Persia has ever been famed for its textiles—not only embroideries and printed cottons but marvelous rugs which stand supreme in beauty. The old rugs of Persia were ancestors of the carpet of other lands. In this connection it is worth noting that the Persians never made themselves ridiculous by the application of inappropriate design. You will not find an old Persian rug patterned with formal bouquets tied with blue ribbons, suggesting a gift being trodden underfoot. A Persian floral patterned carpet will suggest flowers and verdue in their wild state as the stroller might chance to find them.

Although the impress of the art of the Chinese ceramicist and of the shawl-weavers of Cashmere exerted some influence upon the Persians, still the art of Persia from earliest times has retained a national distinction. Nearly all are objects from the earlier periods now to be met with date from the reign of the shah Abbas the Great (1586-1628) when the native art manufacturers reached their greatest degree of excellence.

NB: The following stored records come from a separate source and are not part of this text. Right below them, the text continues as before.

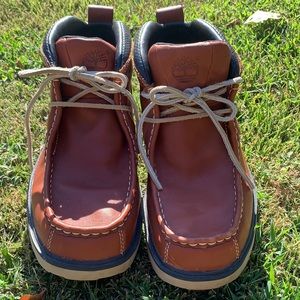 Men’s Timberland Leather Workboot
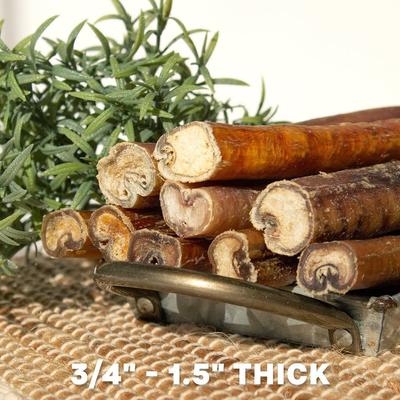 Bully Sticks - Premios jumbo para perros de 6 pulgadas, 10 unidades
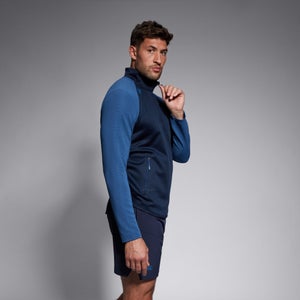 Elite 1/4 Zip Top Navy
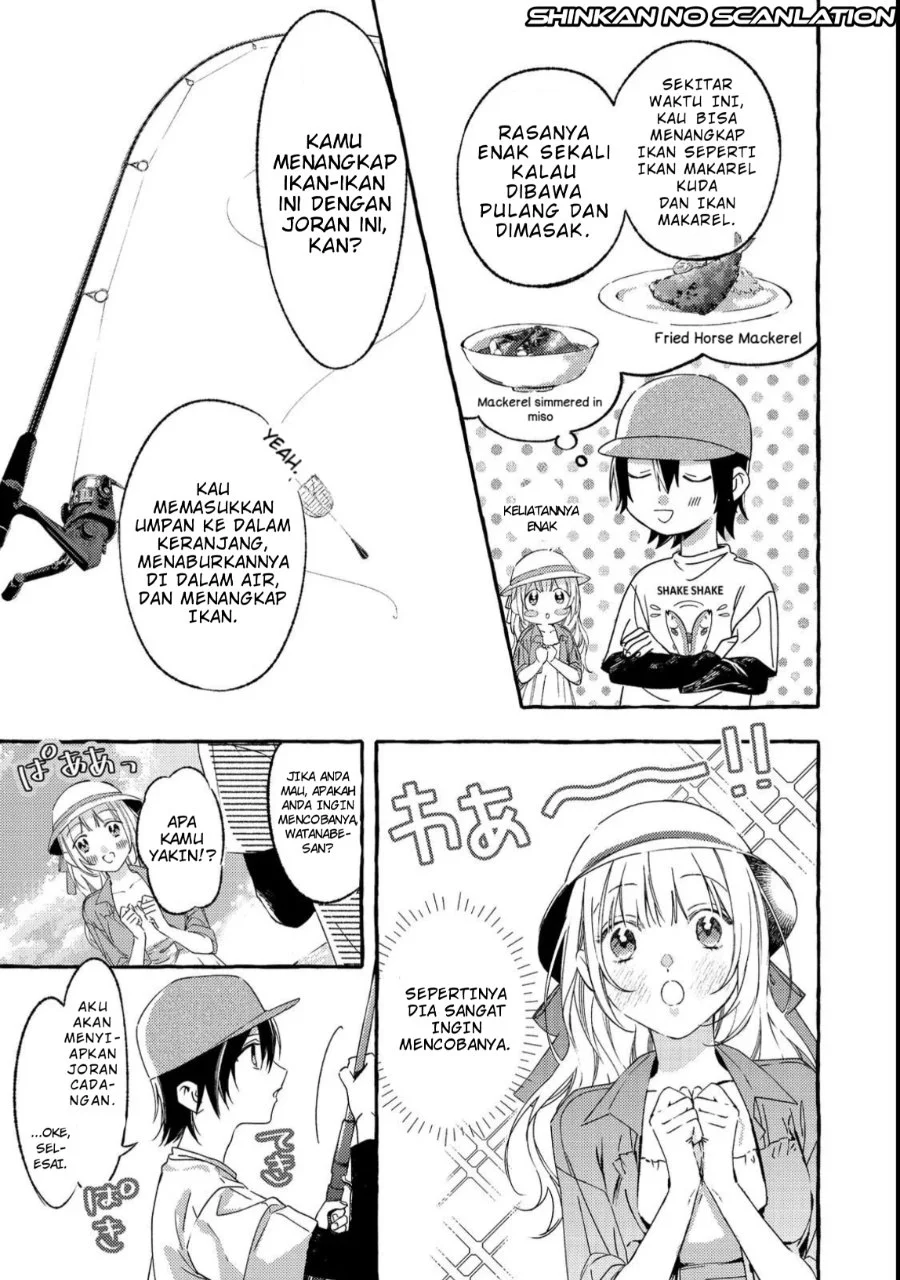 Gakuen no Madonna no Watanabe san ga, Naze ka Maishu Yotei wo Kitekuru Chapter 1 Gambar 16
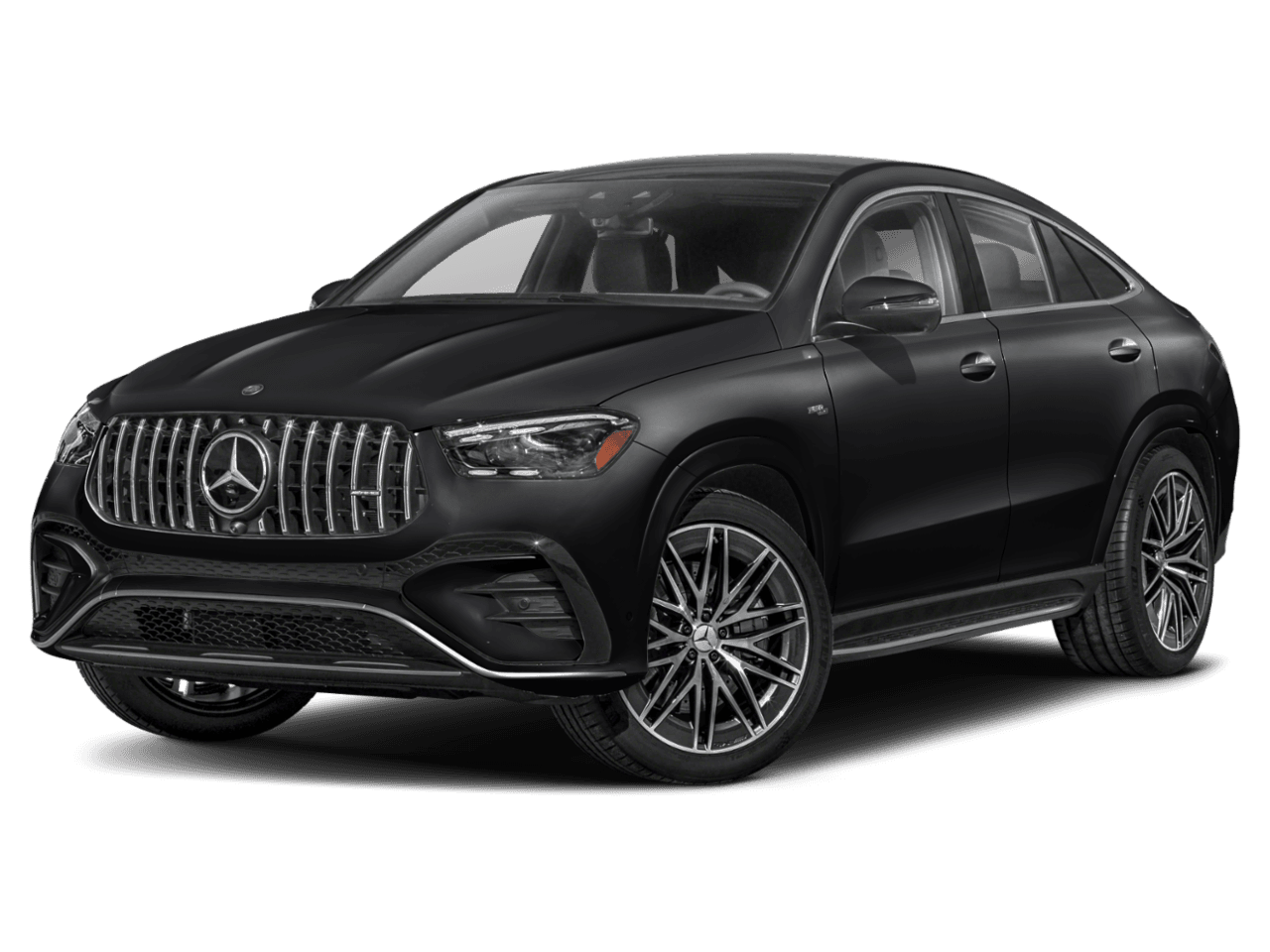 2026 Mercedes-Benz GLE AMG - Front 3/4, facing to the left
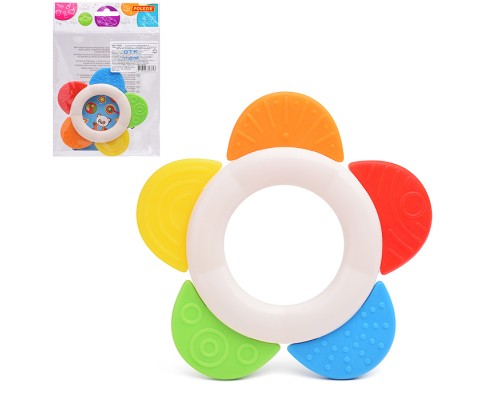 Погремушка-прорезыватель "Цветочек" (V2)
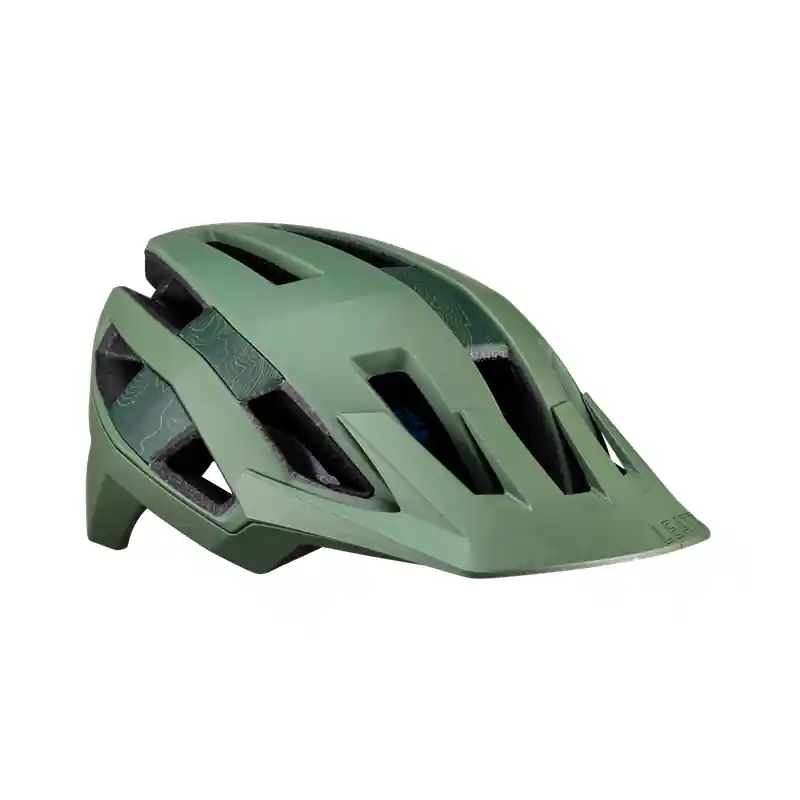 Leatt cyklistická přilba MTB Trail 3.0 V24 Spinach - Varianta L 59-63cm Top Prodej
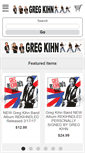 Mobile Screenshot of gregkihn.biz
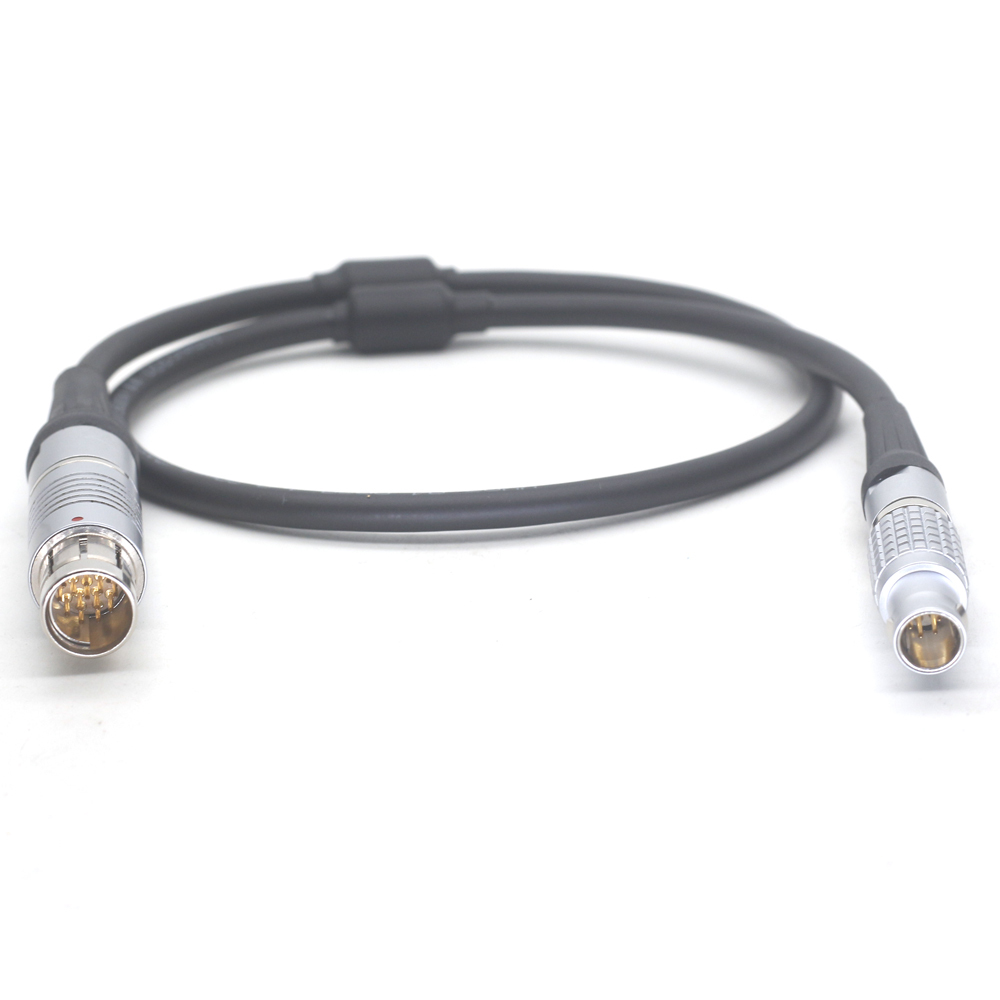 Run/Stop Power Cable FI 16Pin Male to 1B 6Pin Male for ARRI UMC4-AMIRA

Thence onward came the decline.

We have only to consider the fact that artistic ornamentation was applied to innumerable objects in daily service to realize how widely diffused was the taste for art among the Persians. They have truly been always an art-loving people. Some one has aptly remarked that every home in India is a nursery of art, and I think this must once have been true of the home in Persia. Apropos of Persian ornament it may be remarked that the native artists have always delighted in varied and symmetrical patterns of great intricacy. External beauty, too, seems to have been sought, rather than intrinsic thorough excellence of fabrique, excepting, of course, the products of the Persian looms and the works of the masters in metal.

As to Persian pottery, it has always been more or less of a puzzle to antiquarians. The ancient pieces in a perfect state of preservation are exceedingly few and rare, and all have been recovered from ruined areas.

There yet remain vast areas to be excavated by enterprising antiquarian expeditions and later efforts are sure to be productive.

The ancient lustre faience dates back many centuries. Its genre was carried down as late as 1586. The finest Persian ware resembles Chinese porcelain somewhat, having a white ground with azure-blue decoration in bold, free designs. The paste is hard and the color is not blended with the glaze. Later specimens of this genre have less good design, blending color, and a glaze showing greater vitrification.

A second sort of Persian faience is thicker, shows a departure from Chinese influence somewhat, has a softer and more porous paste, is brighter in the blue, has a less even glaze, and a less well-drawn design. Red enters, as also relief and gaufrures.

A third sort of ware is denser and harder, of blackish color on a white ground, with thick glaze, and some pieces have been varnished with single color. Such pieces in this genre as exhibit figures in the decoration show these without faces, which would suggest that this class of pottery was the product of Persian potters of the Mussulman Sunnis sect, a sect more rigidly opposed to presenting the human face in art than that of the Shiahs.